Here's the problem I see with that scenario: Every one of those 5 individuals can develop the skills necessary to utilize AI, true, but with 1 person doing the work of 5, that still leaves 4 people unemployed.
Basically it's the exact same effect we see with every other efficiency tool ever created.
I respectfully disagree that it's the exact same effect, and here's why. When Photoshop was created, there may have been fine art painters that were dismayed by tools that could achieve the same effect visually. I don't actually know if that was the case, but the existence of Photoshop did not invalidate the existence of fine art. The personnel needed to paint a physical piece of art versus a digital piece of art was still 1 / 1. And whether an artist chose to paint digitally or physically, they were still required to create.

AI on the other hand, is replacing gobs of people who previously had to collaborate to produce the same result, and it's doing so by plagiarism. It is not creating - as you said previously, it is not sentient. It wouldn't have a flying flip of an idea how to create anything if it wasn't trained on the work of others. And sure, you can argue that humans copy as well - sure they do. But back in the day, you still had to have talent. You even needed talent to know how to get results in Photoshop. Now, talent has become obsolete.
 
Here's the problem I see with that scenario: Every one of those 5 individuals can develop the skills necessary to utilize AI, true, but with 1 person doing the work of 5, that still leaves 4 people unemployed.

I respectfully disagree that it's the exact same effect, and here's why. When Photoshop was created, there may have been fine art painters that were dismayed by tools that could achieve the same effect visually. I don't actually know if that was the case, but the existence of Photoshop did not invalidate the existence of fine art. The personnel needed to paint a physical piece of art versus a digital piece of art was still 1 / 1. And whether an artist chose to paint digitally or physically, they were still required to create.

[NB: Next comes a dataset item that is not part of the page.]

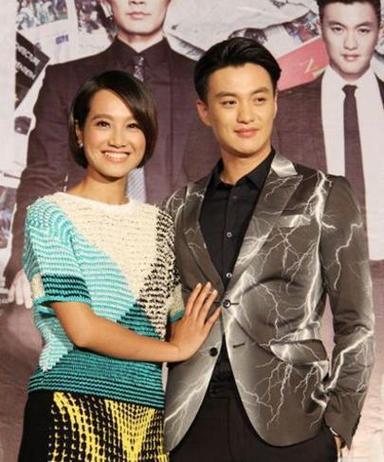 除了在《我和我的三个姐姐》中的精彩表现,房子斌在他的演艺生涯中还有着许多其他杰出的作品和角色,每一次的演出都是他对表演艺术的一次探索和突破,不断提升着自己的演技水平,他的坚持和努力不仅为他赢得了观众的喜爱和认可,也为他在演艺界赢得了尊重和声誉。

AI on the other hand, is replacing gobs of people who previously had to collaborate to produce the same result, and it's doing so by plagiarism. It is not creating - as you said previously, it is not sentient. It wouldn't have a flying flip of an idea how to create anything if it wasn't trained on the work of others. And sure, you can argue that humans copy as well - sure they do. But back in the day, you still had to have talent. You even needed talent to know how to get results in Photoshop. Now, talent has become obsolete.
I agree with everything except your last few lines. AI models can only copy the output of talented individuals, so AI is, in effect, only as talented as the people it is trained on. AI improves because it's trained on increasingly talented individuals. Essentially, AI's capabilities are limited by its latest instruction set, which requires ever more talented individuals to refine it for specific tasks. The key is figuring out how to compensate these talented individuals for their work and contributions, and establishing consent for using their work to train AI models.